John Reed, the dapper doorman who greeted generations of visitors to the historic Davenport Hotel during an astonishing 75-year career, has died at age 88.
Reed died in his sleep Sunday night or Monday morning at his home in northeast Spokane. His niece, Susan Wilmoth, said he had reluctantly taken the past few weeks off from his job at the Davenport to nurse a foot ulcer, a complication of diabetes.
Davenport Hotel owners Walt and Karen Worthy said late Monday they were saddened by Reed’s passing.
“Our fondest memories of John were that each time that Karen and I entered the hotel when he was working he said: Mr. and Mrs. Worthy welcome to YOUR hotel!” Walt Worthy said. “John was our go-to person to answer questions about past celebrities that stayed at the hotel and Louis Davenport.
“He was our ambassador and we will miss him immensely.”
Reed never dreamed of retiring from the hotel, where he started working as a bus boy on June 1, 1942. Until recently, he was a fixture at the doors, greeting visitors and passersby four days a week, looking like a ringmaster in his black top hat and red three-piece suit.
Wilmoth said the work sustained him.
“He valued everyone who walked through the door and, more importantly, the Davenport valued him,” she said. “We wouldn’t have had so many years with him if the hotel had cut him off at the age of 65.”
Reed, who grew up in Sandpoint, was just 13 when the hotel hired him. It was World War II, and able-bodied men were in short supply. He made 35 cents an hour, plus whatever tips the waitresses split with him.
Reed left for college and returned to the Davenport in 1958, when he started working as a bellman, and he was one of the few employees who stayed through the hotel’s closure in 1985. He watched over the shuttered building until 2000, when the Worthys bought the place and gave it an extravagant facelift.
Last year, in an interview with Seattle’s KOMO News, Reed became sentimental when a host asked him why he didn’t leave when the hotel seemed slated for demolition.
“I couldn’t,” he said. “My heart was here in this building.”
Reed married his wife, Marjorie, in 1956. They never had children, and she died in 1995, but Wilmoth said he was never lonely.
“He had a huge family, even though they never had children of their own,” she said. “All my friends call him Uncle John.”
As a doorman, Reed watched several former presidents and celebrities stroll into the Davenport, including John F. Kennedy and George H.W. Bush. And he was the last hotel employee who worked directly with Louis Davenport, who opened the hotel in 1913 and died in 1951.

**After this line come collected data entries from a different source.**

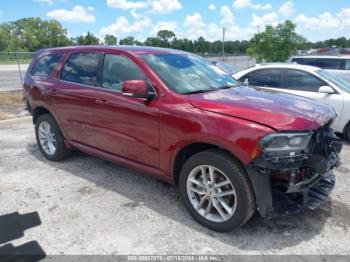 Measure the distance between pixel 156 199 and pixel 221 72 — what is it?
6.34ft

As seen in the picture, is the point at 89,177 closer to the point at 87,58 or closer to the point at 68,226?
the point at 68,226

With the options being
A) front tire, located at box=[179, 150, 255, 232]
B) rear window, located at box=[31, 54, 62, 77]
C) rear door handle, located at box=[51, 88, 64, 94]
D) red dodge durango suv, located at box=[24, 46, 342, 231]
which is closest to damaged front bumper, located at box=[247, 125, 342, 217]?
red dodge durango suv, located at box=[24, 46, 342, 231]

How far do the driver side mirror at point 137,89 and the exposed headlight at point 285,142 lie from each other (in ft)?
4.47

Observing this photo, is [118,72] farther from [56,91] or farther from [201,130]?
[201,130]

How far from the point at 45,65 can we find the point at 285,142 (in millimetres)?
4049

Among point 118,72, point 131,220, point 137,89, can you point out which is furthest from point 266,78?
point 131,220

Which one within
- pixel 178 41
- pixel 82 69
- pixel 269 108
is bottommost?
pixel 269 108

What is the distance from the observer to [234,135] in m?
2.90

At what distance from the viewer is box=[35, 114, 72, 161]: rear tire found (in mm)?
5082

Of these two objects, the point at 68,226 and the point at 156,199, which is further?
the point at 156,199

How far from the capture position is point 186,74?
3916 mm

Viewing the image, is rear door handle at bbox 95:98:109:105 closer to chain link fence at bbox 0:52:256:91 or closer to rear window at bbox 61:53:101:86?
rear window at bbox 61:53:101:86

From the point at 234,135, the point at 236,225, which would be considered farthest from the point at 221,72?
the point at 236,225

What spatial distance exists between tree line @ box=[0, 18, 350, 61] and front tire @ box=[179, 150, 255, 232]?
4832 millimetres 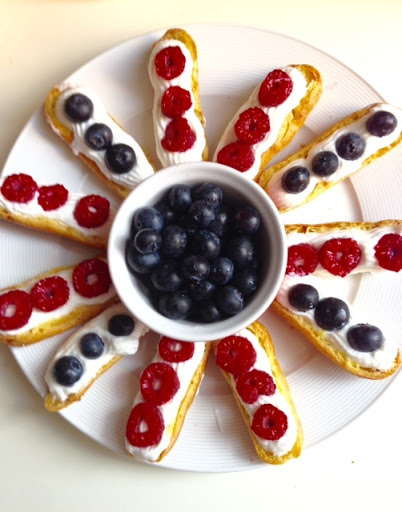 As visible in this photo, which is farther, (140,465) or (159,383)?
(140,465)

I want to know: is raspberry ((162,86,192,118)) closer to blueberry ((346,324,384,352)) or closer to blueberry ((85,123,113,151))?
blueberry ((85,123,113,151))

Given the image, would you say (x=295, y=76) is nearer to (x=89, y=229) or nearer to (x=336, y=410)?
(x=89, y=229)

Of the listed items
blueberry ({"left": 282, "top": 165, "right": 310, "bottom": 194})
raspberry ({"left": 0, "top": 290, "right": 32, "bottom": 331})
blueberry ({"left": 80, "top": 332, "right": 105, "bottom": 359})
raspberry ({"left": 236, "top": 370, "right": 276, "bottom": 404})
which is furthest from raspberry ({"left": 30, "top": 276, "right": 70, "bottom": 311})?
blueberry ({"left": 282, "top": 165, "right": 310, "bottom": 194})

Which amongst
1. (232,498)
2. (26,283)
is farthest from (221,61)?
(232,498)

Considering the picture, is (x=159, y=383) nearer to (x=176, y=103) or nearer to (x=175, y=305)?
(x=175, y=305)

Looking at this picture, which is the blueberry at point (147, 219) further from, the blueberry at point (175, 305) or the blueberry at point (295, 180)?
the blueberry at point (295, 180)

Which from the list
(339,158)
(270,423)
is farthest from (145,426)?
(339,158)

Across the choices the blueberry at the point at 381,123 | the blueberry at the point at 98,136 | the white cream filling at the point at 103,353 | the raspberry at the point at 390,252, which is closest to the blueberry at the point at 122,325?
the white cream filling at the point at 103,353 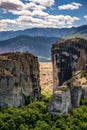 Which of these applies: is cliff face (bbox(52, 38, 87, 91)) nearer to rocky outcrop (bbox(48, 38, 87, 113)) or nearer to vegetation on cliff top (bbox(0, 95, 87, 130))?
rocky outcrop (bbox(48, 38, 87, 113))

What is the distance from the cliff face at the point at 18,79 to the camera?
390ft

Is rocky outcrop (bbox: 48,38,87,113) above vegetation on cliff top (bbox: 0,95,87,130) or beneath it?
above

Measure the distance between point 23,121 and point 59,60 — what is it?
4481 centimetres

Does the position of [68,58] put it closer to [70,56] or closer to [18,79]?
[70,56]

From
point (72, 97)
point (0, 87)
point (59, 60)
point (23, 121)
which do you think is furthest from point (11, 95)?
point (59, 60)

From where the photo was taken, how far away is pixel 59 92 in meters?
113

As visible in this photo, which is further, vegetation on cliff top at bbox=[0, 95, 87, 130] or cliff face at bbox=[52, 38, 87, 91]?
cliff face at bbox=[52, 38, 87, 91]

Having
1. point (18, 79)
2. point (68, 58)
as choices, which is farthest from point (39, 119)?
point (68, 58)

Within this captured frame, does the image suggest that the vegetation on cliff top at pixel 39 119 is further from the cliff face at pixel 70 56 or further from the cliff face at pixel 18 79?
the cliff face at pixel 70 56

“John was a much-admired colleague and friend, a great role model for all of us at the hotel since he learned the ‘Davenport way’ from Mr. Davenport himself: ‘In all things, consider first the comfort and convenience of the guest,’” said Tom McArthur, who was the hotel’s communications director and historian after it reopened in 2002.
McCarthur added that Reed was “a unique primary resource” when questions arose about the hotel’s history.
“He had so much history, so much knowledge, and people who loved the Davenport loved to listen to his stories about the Grand Lady,” Wilmoth said, using an old nickname for the hotel that her uncle always used.
Reed was honored during a ceremony last June and presented with a 75-years-of-service pin that had to be custom-made just for him. He was also given a new refrigerator stocked with the fixings for his favorite drink: gin and tonic. The mayor shook his hand, and a boardroom in the hotel was named after him.
Wilmoth said Reed worked his last day at the hotel in late February and turned 88 on March 6. Employees were told of his death Monday in a letter signed by Lynnelle Caudill, the Davenport’s managing director.
“I have learned so much from John and will miss him greatly,” Caudill wrote. “We know what a rare thing it was to have him continue year after year and put us first. He really did, even when not feeling well, he drove himself to work every day, put a smile on and made a difference.”